Ils craignent entre autres que les résidus acides résultant de l'extraction du minerai ne contaminent le site minier et ne se déversent dans ses zones de villégiature avoisinantes, dont le parc touristique du Mont-Tremblant et le parc régional du Lac Taureau.
Des études toujours en cours
Ugo Lapointe, qui dirige la coalition Pour que le Québec ait meilleure mine, se dit à la fois déçu et étonné de la vitesse à laquelle le gouvernement a rendu sa décision. Il y a toujours des études manquantes sur les risques quant à la pollution de l'eau et à la gestion des déchets acides, dit-il.
On ne comprend pas, renchérit M. Lapointe. Avant la sortie du rapport, des groupes citoyens avaient pourtant rencontré le ministre Fitzgibbon [alors ministre responsable de la région de Lanaudière] qui avait promis que toutes les recommandations du BAPE allaient être respectées.
Du côté de Nouveau Monde, on se défend d'avoir voulu procéder trop rapidement. Le BAPE a fait ses recommandations, il a demandé certaines études que nous avons approfondies, dit Sophie Paquet, chargée des communications pour la minière.
Nous nous sommes livrés à d'autres exercices [environnementaux] avec le ministère et 30 autres organismes. On a même fourni de la documentation additionnelle, ajoute-t-elle.
Mme Paquet précise que Nouveau Monde a développé une nouvelle méthode pour gérer les résidus acides issus de l'extraction du graphite, qui lui permet de désulphariser une partie de la roche extraite.
Même si cette méthode n'a pas été testée ailleurs dans le monde, Sophie Paquet assure que les tests en laboratoire sont concluants et que la minière a combiné plusieurs méthodes éprouvées en développant sa solution.
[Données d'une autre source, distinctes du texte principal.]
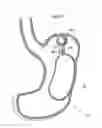 Fig. 19 - Apparatus for treating obesity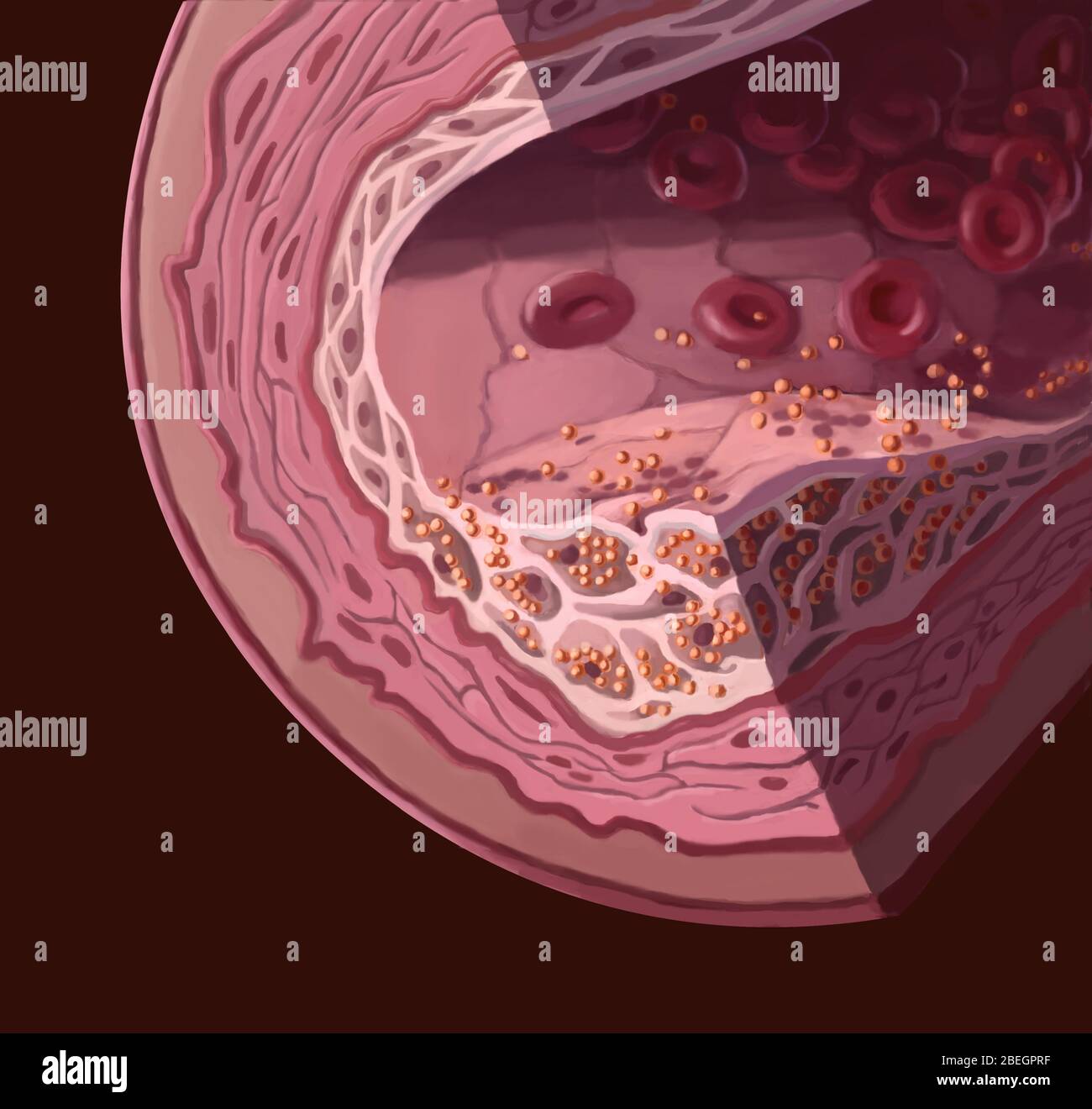 Colesterolo costruire, 1 di 3 Foto Stock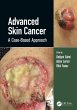 Advanced Skin Cancer - Bild 1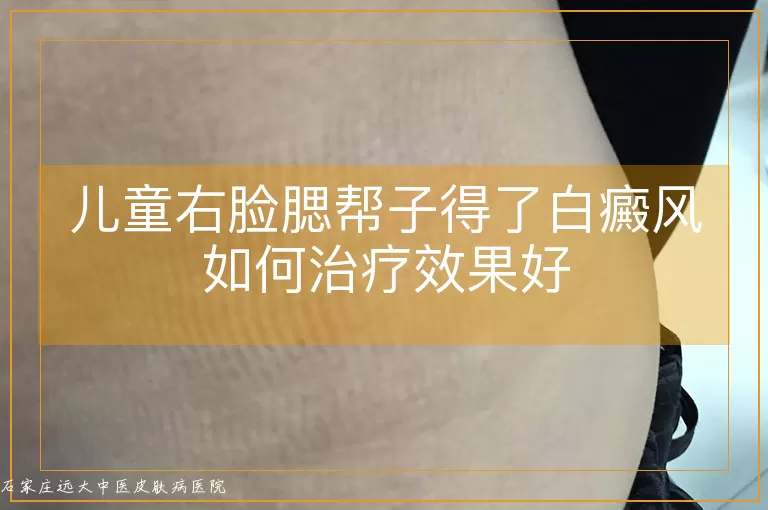 儿童右脸腮帮子得了白癜风如何治疗效果好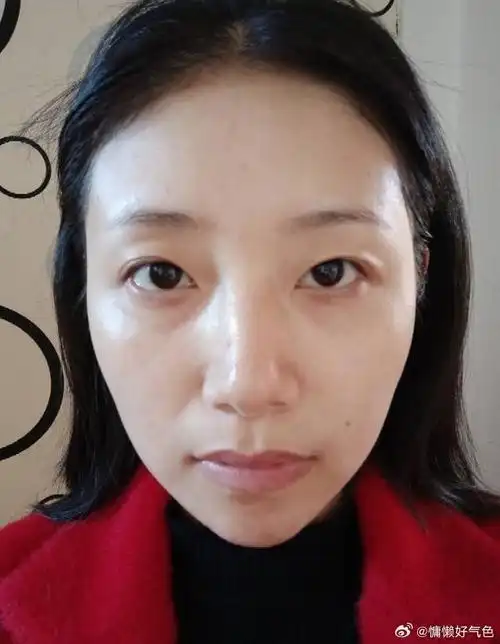 不过,她的眼眶和面中部的凹陷问题较为明显,导致出现了泪沟和法令纹.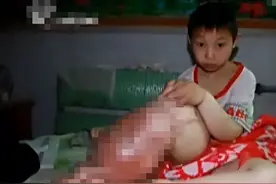河南10岁“象腿”男孩，多位名医束手无策，最后被整容医生治好！图片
Mais Ugo Lapointe n'en démord pas. En ce moment, on donne le feu vert et on dit : "Allez-y, et on ajustera en cours de route", dit-il, décrivant un processus qu'il juge à l'envers. Une fois que la pâte à dents est sortie du tube, on ne peut plus la remettre dedans, illustre-t-il.
Le tourisme en jeu
Je ne peux pas croire qu'en 2021, on puisse penser qu'installer une mine comme celle-là dans un secteur qui a le plus grand potentiel de développement récréotouristique au nord de Montréal, ce soit une bonne idée, s'étonne Gilles Cartier, de l'Association pour la protection du Lac Taureau.
Pour sa part, le directeur général de la Municipalité de Saint-Michel-des-Saints, Sébastien Gariépy, se réjouit de ce que le projet minier aille de l'avant. Il y voit, justement, une façon de diversifier l'économie de la région.On vient de poser une bombe à retardement dans notre région.
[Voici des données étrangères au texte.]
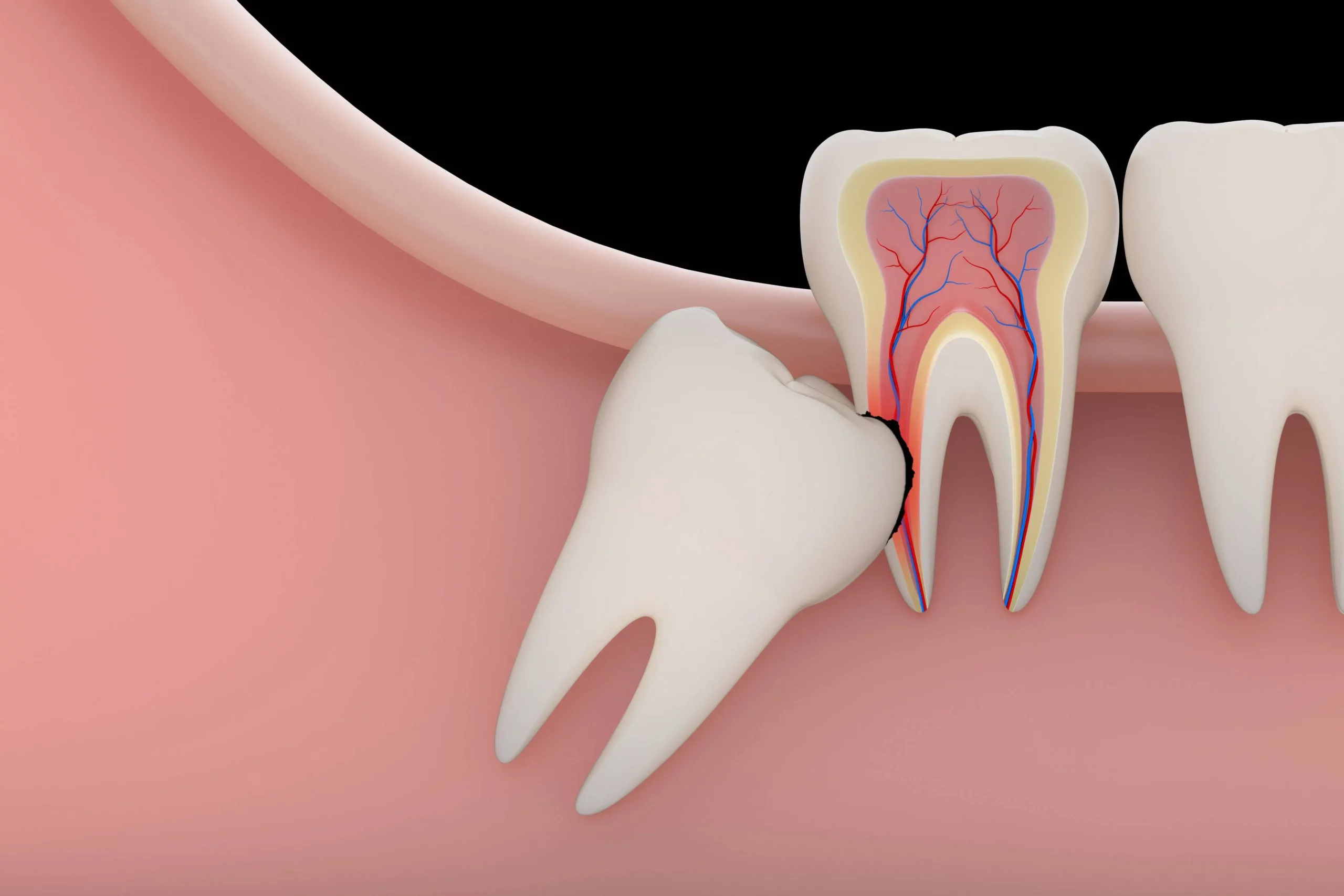 Удаление ретенированного зуба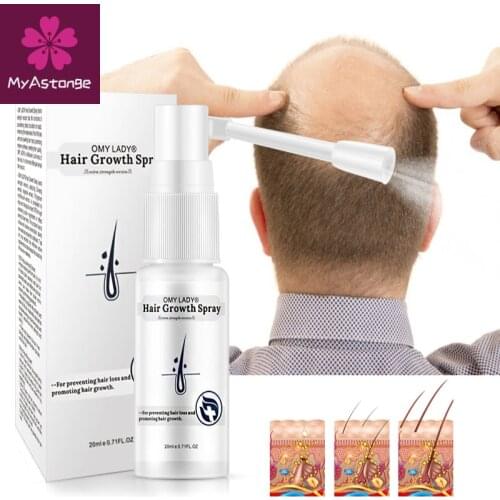 OMY LADY Anti Hair Loss Hair Growth Spray Essential Oil Liquid For Men Women Dry Hair Regeneration Repair Hair Loss Products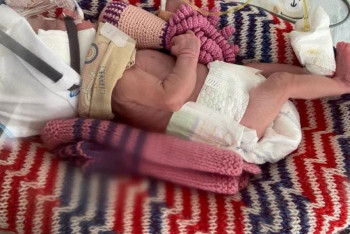 Фотография к новости: 112 дней казахстанские врачи боролись за малышку весом 998 граммов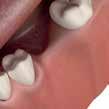 tytanu Strona 8 Champions CEREC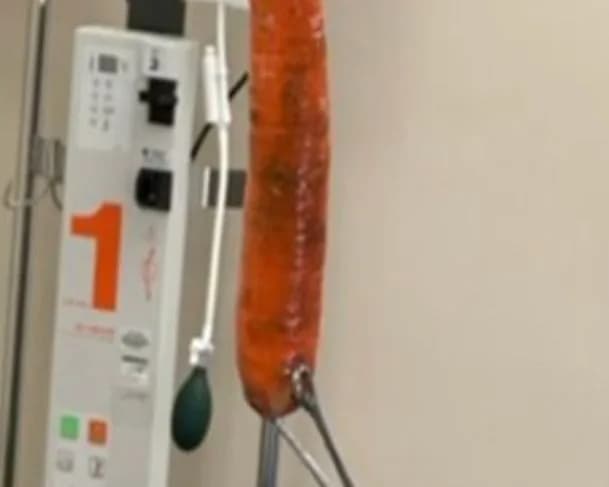 Médico faz apelo após homem ser hospitalizado com cenoura presa no reto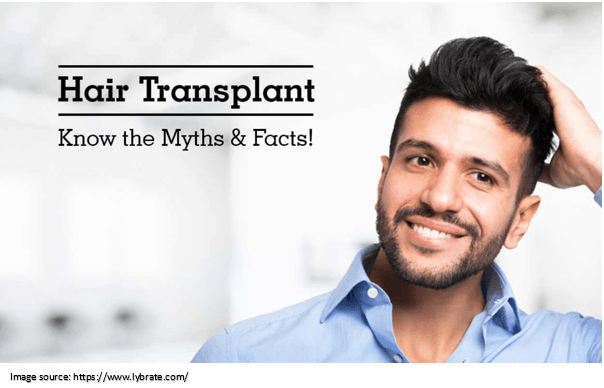 Myths of Hair Transplant | Dr. Harikiran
Gilles Cartier, Association pour la protection du Lac Taureau
Le tourisme, c'est le moteur de notre économie, mais je suis content d'ajouter une nouvelle roue, dit-il, en vantant les retombées économiques du projet. S'il se dit lui aussi préoccupé par son impact environnemental, il certifie que tout est en place pour prévenir d'éventuels incidents.
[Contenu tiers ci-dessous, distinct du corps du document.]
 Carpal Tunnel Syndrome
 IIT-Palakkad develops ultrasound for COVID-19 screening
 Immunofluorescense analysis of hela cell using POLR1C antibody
En ce qui a trait au tourisme, M. Gariépy soutient que le projet minier a le potentiel d'attirer encore plus de visiteurs dans sa région. Je m'imagine tout à fait quelqu'un partir de Montréal pour venir voir nos paysages, s'arrêter au centre-ville pour prendre un café, et se dire : ''Tiens, je vais aller voir la mine'', dit-il.
Le graphite fortement demandé
Le graphite est particulièrement convoité ces dernières années, puisqu'il constitue un composant essentiel à la fabrication des batteries au lithium-ion, qui propulsent les voitures électriques.
Pour ce faire, le graphite doit toutefois subir une seconde transformation. C'est pour cette raison que Nouveau Monde a prévu la construction d'une usine à cet effet, à Bécancour.
Sophie Paquet assure que cet engouement est bien présent et que le carnet de commandes de Nouveau Monde se remplit rapidement.
Gilles Cartier, de l'Association pour la protection du Lac Taureau, se montre sceptique quant à l'avenir du minerai.
On voit déjà que les grandes compagnies, comme Tesla, développent de nouvelles technologies plus efficaces pour leurs batteries, et qu'elles expérimentent avec l'hydrogène, entre autres. Le graphite, ce n'est pas viable à long terme, estime-t-il.